Most lists of the 2022 Toyota lineup just dump every model on a page and call it a day. No prices, no real specs, no help deciding. This one’s built different: a sortable table up top, a quick blurb on each model, the actual “what’s new for 2022” stuff that matters, and a buyer’s section that tells you which one to get instead of making you guess.
2022 was a big year for Toyota. The Tundra got its first full redesign in over a decade, the Corolla Cross showed up out of nowhere, the GR 86 replaced the old 86, and the bZ4X — Toyota’s first real EV — arrived to a lot of skepticism. If you were shopping Toyota that year (or you’re buying one used now), here’s the whole picture.
Table of Contents
- TLDR: The Quick Picks
- 2022 Toyota Lineup at a Glance
- Sedans and Coupes
- Hybrids and the First Toyota EV
- SUVs and Crossovers
- Trucks
- What’s New for 2022
- Which 2022 Toyota Should You Buy?
- FAQ
TLDR: The Quick Picks
If you don’t want to read all 24 models below, here’s the short version:
- Best all-arounder: RAV4 Hybrid — 40 MPG, AWD, fits a family, holds its value like crazy.

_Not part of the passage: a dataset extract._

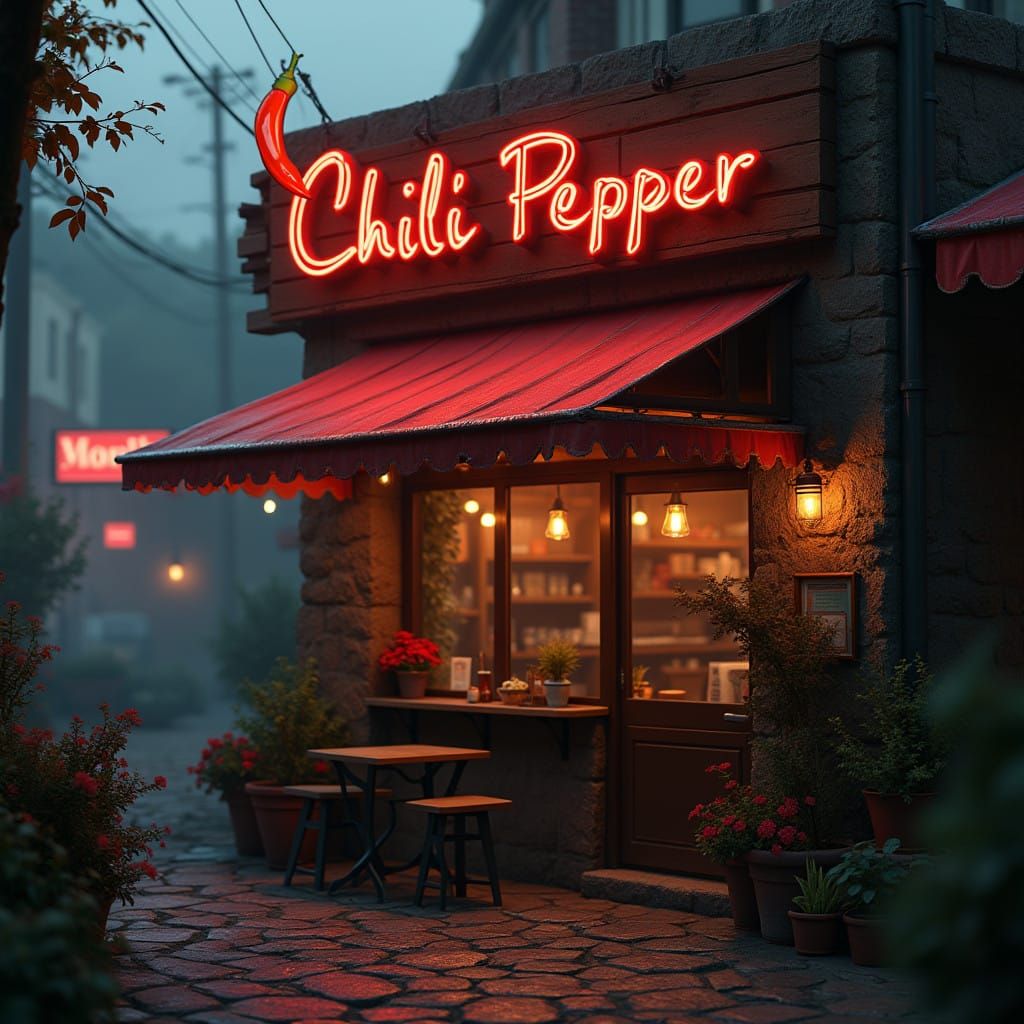 Stunning Chili Pepper Cafe Mural in Cinematic Style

- Cheapest way into a new Toyota: Corolla sedan, around $20,000.
- Best value sedan: Camry — still the benchmark for “I just want a reliable car for ten years.”
- Best new arrival: Corolla Cross — small SUV, sub-$23K, the practical-buyer sweet spot.
- Best truck: Redesigned Tundra with the twin-turbo V6. It’s a genuinely different truck than the old one.
- Most fun: GR 86 if you want a coupe, GR Supra if you’ve got the budget.
2022 Toyota Lineup at a Glance
Starting MSRPs below are 2022 figures and exclude destination charges. MPG is the EPA combined estimate for the base configuration.
| Model | Body Style | Starting MSRP | Combined MPG | Key 2022 Change |
|---|---|---|---|---|
| Corolla | Sedan | ~$20,000 | 35 | Minor trim shuffles |
| Corolla Hatchback | Hatch | ~$21,000 | 35 | Carryover |
| Camry | Sedan | ~$25,000 | 32 | New TRD-style trims, tech updates |
| Avalon | Sedan | ~$36,000 | 26 | AWD available; final full year |
| Mirai | Sedan (FCEV) | ~$50,000 | n/a (hydrogen) | Carryover, second-gen |
| GR 86 | Coupe | ~$28,000 | 25 | Full redesign, bigger 2.4L engine |
| GR Supra | Coupe | ~$43,000 | 26 | Manual transmission added |
| Prius | Hybrid | ~$25,000 | 52 | New Nightshade Edition |
| Prius Prime | Plug-in Hybrid | ~$28,000 | 54 (hybrid) | Carryover |
| Corolla Hybrid | Hybrid Sedan | ~$24,000 | 52 | Carryover |
| Camry Hybrid | Hybrid Sedan | ~$28,000 | 52 | Carryover |
| RAV4 | SUV | ~$27,000 | 30 | Carryover |
| RAV4 Hybrid | Hybrid SUV | ~$30,000 | 40 | Carryover |
| RAV4 Prime | Plug-in SUV | ~$40,000 | 38 (hybrid) | Carryover |
| Corolla Cross | SUV | ~$23,000 | 32 | All-new model |
| Venza | Hybrid SUV | ~$33,000 | 39 | Carryover |
| Highlander | SUV | ~$36,000 | 24 | New Bronze Edition |
| Highlander Hybrid | Hybrid SUV | ~$39,000 | 35 | Carryover |
| 4Runner | SUV | ~$38,000 | 17 | New TRD Sport trim |
| Sequoia | SUV | ~$51,000 | 15 | Final year of old gen |
| Sienna | Minivan (Hybrid) | ~$35,000 | 36 | Carryover |
| bZ4X | Electric SUV | ~$42,000 | ~119 MPGe | All-new, first Toyota EV |
| Tacoma | Truck | ~$27,000 | 20 | New Trail Edition |
| Tundra | Truck | ~$36,000 | 20 | Full redesign, twin-turbo V6 |

Sedans and Coupes
Toyota’s car-shaped lineup got smaller every year, but in 2022 it still covered the bases — and it added two of the best driver’s cars Toyota’s made in a while.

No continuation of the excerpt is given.